Zarif was addressing a virtual UNSC meeting on Tuesday surrounding Washington’s push to have the Council extend an arms embargo against Iran that will expire in October under a historic nuclear accord endorsed by the council’s Resolution 2231.
“The international community in general, and the United Nations Security Council, in particular, are facing an important decision,” he said.
“Do we maintain respect for the rule of law or do we return to the law of the jungle by surrendering to the whims of an outlaw bully?” the top diplomat asked.
Officially known as the Joint Comprehensive Plan of Action (JCPOA), the landmark nuclear deal was reached between Iran and the P5+1 group — the US, Britain, France, Russia and China plus Germany— in 2015.

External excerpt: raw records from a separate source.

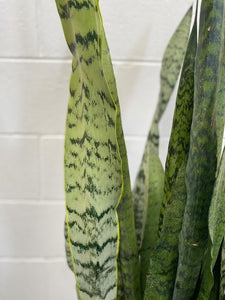 Sansevieria Trifasciata 'thin Yellow Edge'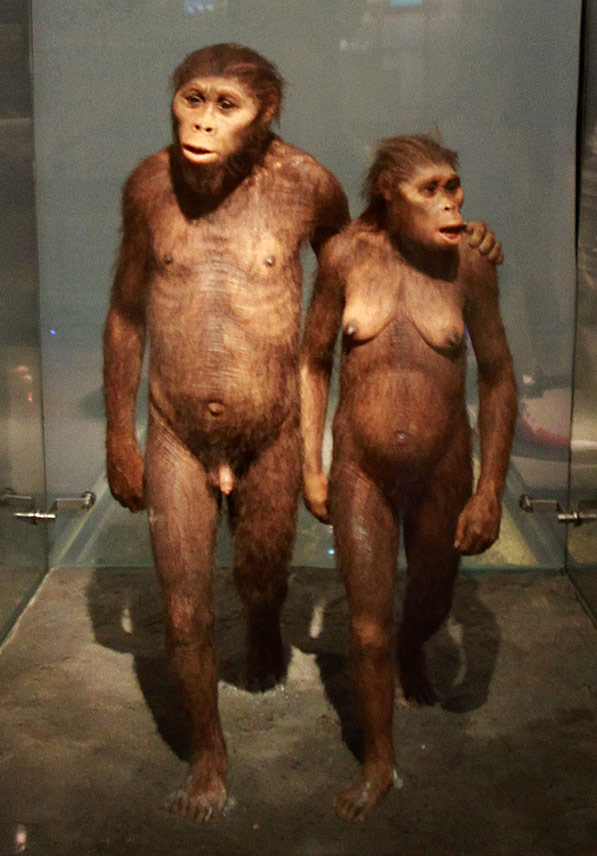 couple-australopithequesjpg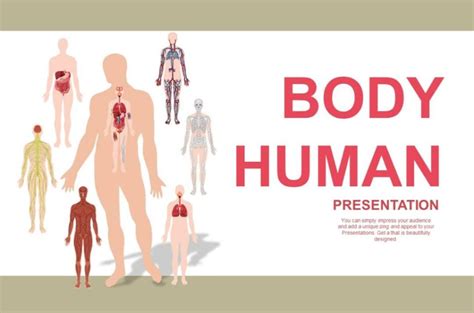 Plantilla Powerpoint Del Cuerpo Humano Plantillas Power Point Gratis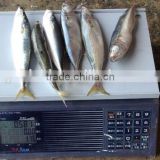 2016 Newly Frozen Pacific Mackerel Fish Whole Round 10-12pcs/kg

However, in May 2018, US President Donald Trump unilaterally pulled his country out of the JCPOA and later re-imposed the sanctions that had been lifted against Tehran on the back of the deal.

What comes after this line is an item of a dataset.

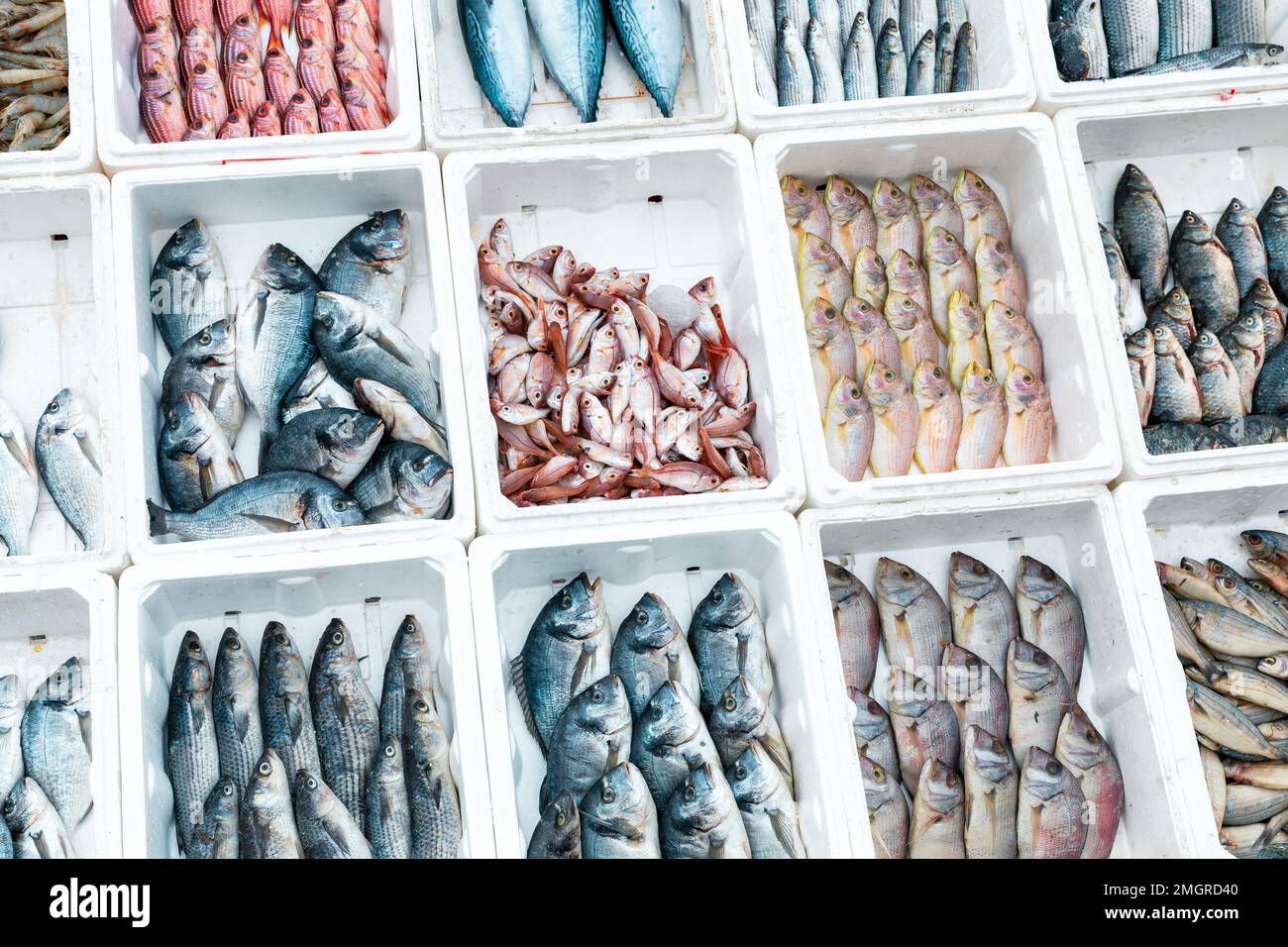 Fresh fish in traditional food market in Beirut, Lebanon. Fish placed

Although it is no longer a party to the deal, Washington has recently launched a campaign to renew the embargo on the sales of conventional weapons to the Islamic Republic that will expire under the accord in October.
To try and rationalize its bid, the US says it is still “named” as a JCPOA partner in the UN Security Council Resolution 2231. Tehran and other JCPOA partners say Washington, due to its unilateral withdrawal, has forfeited all rights to have a say in the agreement.

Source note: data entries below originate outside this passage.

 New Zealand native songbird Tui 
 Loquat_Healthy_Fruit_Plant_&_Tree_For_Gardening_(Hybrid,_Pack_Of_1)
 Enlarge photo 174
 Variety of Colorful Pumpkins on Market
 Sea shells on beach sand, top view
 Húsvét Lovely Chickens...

Zarif warned, “If this council falters again, it will be a generational setback for the cause of multilateralism, and the rule of law.”
He reminded, “We have all, in past years, seen how malign US unilateralism has intensely assaulted international cooperation and international institution,” adding, “Its (the US’s) parallel endeavor to supplant international law with US domestic laws has directly undermined global peace and security.”
The foreign minister deplored the “complacency” that has allowed Washington to come this far.
Zarif also noted how Iran continued to observe the JCPOA’s provisions even despite the US withdrawal and its European allies’ “over-compliance” with Washington’s so-called “maximum pressure” campaign against Tehran.
Zarif said the European parties had to ensure Iran's legitimate benefits by fulfilling their JCPOA commitments.
Otherwise “Iran will have no option but to restore a semblance of balance” to retaliate against their non-compliance to their contractual commitments, he added.
He also called for convention of another ministerial meeting of the JCPOA’s remaining partners to look at the status quo.
Zarif, meanwhile, wondered how come the UN had come to pick on Iran while “not a single” Council session has been convened to address the US’s egregious violations.
US Secretary of State Mike Pompeo had addressed the session earlier, claiming that the removal of the embargo would place the Middle East region’s security at risk.
“Iran will hold a sword of Damocles over the economic stability of the Middle East, endangering nations like Russia and China that rely on stable energy prices,” he claimed.
Veto-wielders China and Russia have voiced opposition to any US attempt at prolonging the ban. Pompeo’s apparent attempt at currying favor with the two states also came in sheer contrast with Washington’s incessant smear campaign against them.
The countries’ envoys took the chance to berate Washington for its anti-Tehran push.
Russia’s Vasily Nebenzia warned about an “uncontrollable escalation” as the United States keeps up the push.
He said Washington would not be allowed to try and have the Security Council legitimize its “maximum pressure” policy — under which Trump ordered the withdrawal from the JCPOA and return of the sanctions against Iran.
“We cannot accept an attempt to get a blessing for the US-desired maximum pressure policy through the Security Council, to legitimize it,” he said.
“What we get in the end is an uncontrollable escalation.”
In turn, Chinese envoy Zhang Jun underlined that “having quit the JCPOA, the US is no longer a participant and has no right to trigger a snapback at the Security Council,” referring to another intention announced by Washington to try and restore all UN sanctions against the Islamic Republic.
The virtual UNSC meeting, meanwhile, heard a report by UN Secretary-General Antonio Guterres — seen by Reuters on June 11 — in which he had told the Council that cruise missiles used in several attacks on oil facilities and an international airport in Saudi Arabia in November 2019 and February 2020 had been of “Iranian origin.” He had also said the “items may have been transferred in a manner inconsistent” with the Resolution.
Zarif said the report has been adopted by the UN Secretariat under pressure from the US and some others, calling it “a perverse reading of Resolution 2231.”
“This one-sided interpretation by the Secretariat has been repeatedly rejected by three JCPOA participants, China, Russia and Iran, and let me take this opportunity now to thank Russia and China and other members of the Security Council, who have expressed their concern over this,” he added.
“Not surprisingly, the Secretariat simultaneously tried to absolve the Saudi coalition of its well-documented child-killing in Yemen,” the Iranian top diplomat said.
He also underlined how the US has been generously arming the 2015-present Saudi-led war on Yemen.